In an advantageous further development of the invention, the dosing device for dispensing at least one washing and / or cleaning agent preparation from a cartridge into the interior of a domestic appliance has a light source by means of which a light signal can be coupled into a light guide of the cartridge. In particular, the light source may be an LED. Furthermore, it is possible for the light signal coupled into the optical waveguide of the cartridge and passing through the optical waveguide to be detectable by a sensor located on the dosing device.

In a further advantageous embodiment of the invention, the metering device for

Dispensing of at least one flowable detergent and / or cleaning agent preparation into the interior of a domestic appliance a cartridge which can be coupled to the dispenser, wherein the cartridge stores at least one flowable detergent and / or cleaning agent preparation and the cartridge has at least one outlet opening in the direction of gravity at the bottom with the dispenser coupled state is communicatively connected to an inlet opening of the dosing device, wherein the dosing device and the cartridge have means which cooperate in such a way that a releasable locking between metering device and cartridge can be produced, wherein the dosing device and the cartridge in the locked state against each other about a pivot point (SP) are pivotable, and that the outlet opening of the cartridge and the inlet opening of the metering console are configured such that, after the production of the latching between the cartridge and metering device by pivoting the cartridge che are communicatively connected in the coupling state between dosing console and cartridge.

In particular, it is preferred that the outlet openings of the chambers and the

Inlet openings of the dosing device are arranged and configured such that they are connected by the pivoting in the locked state in the coupling state of dosing device and cartridge sequentially with each other.

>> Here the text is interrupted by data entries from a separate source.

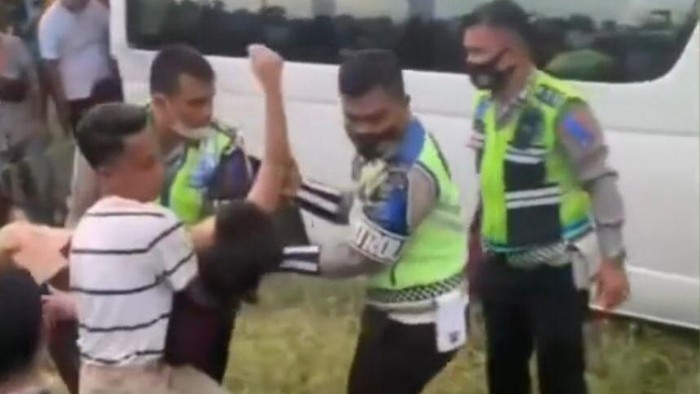 Proses evakuasi korban tabrakan KA vs bus travel di Sergai.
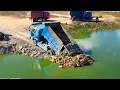 Download Lagu Impressive a dump truck landslide stuck is rescued by skills operator mini bulldozer - truck stuck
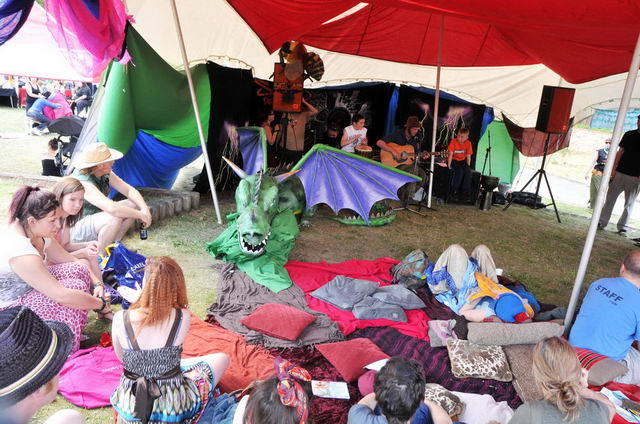 110702_d300s_435-medium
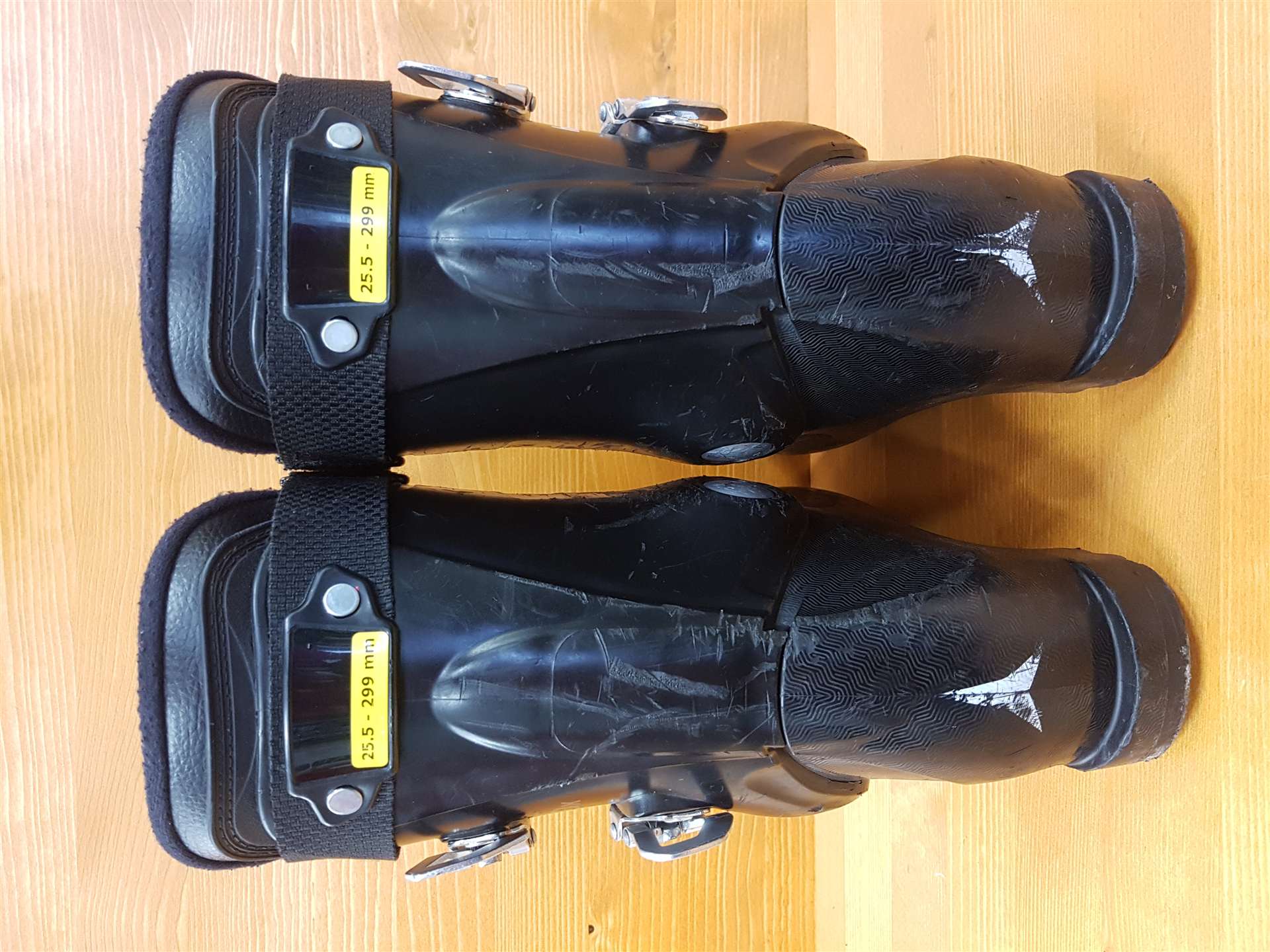 Použité lyžiarky ATOMIC HAWX MAGNA R85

It is particularly preferred that the inlet openings of the metering device are each arranged one behind the other in the pivoting direction.

It is very particularly preferred that the inlet openings of the dosing device are arranged in the pivoting direction on a line (L).

The inlet openings of the dosing device can in particular also have approximately the same distance from one another.

According to a further advantageous embodiment, means may be provided on the dosing device and / or the cartridge which, in the coupling state of the dosing device and the cartridge, effect a releasable fixing of the cartridge to the dosing device. It is also advantageous to form means on the dosing device and / or cartridge which, in the latched state of the cartridge and the dosing device, cause the cartridge to be guided during pivoting into the coupling state of the cartridge and dosing device.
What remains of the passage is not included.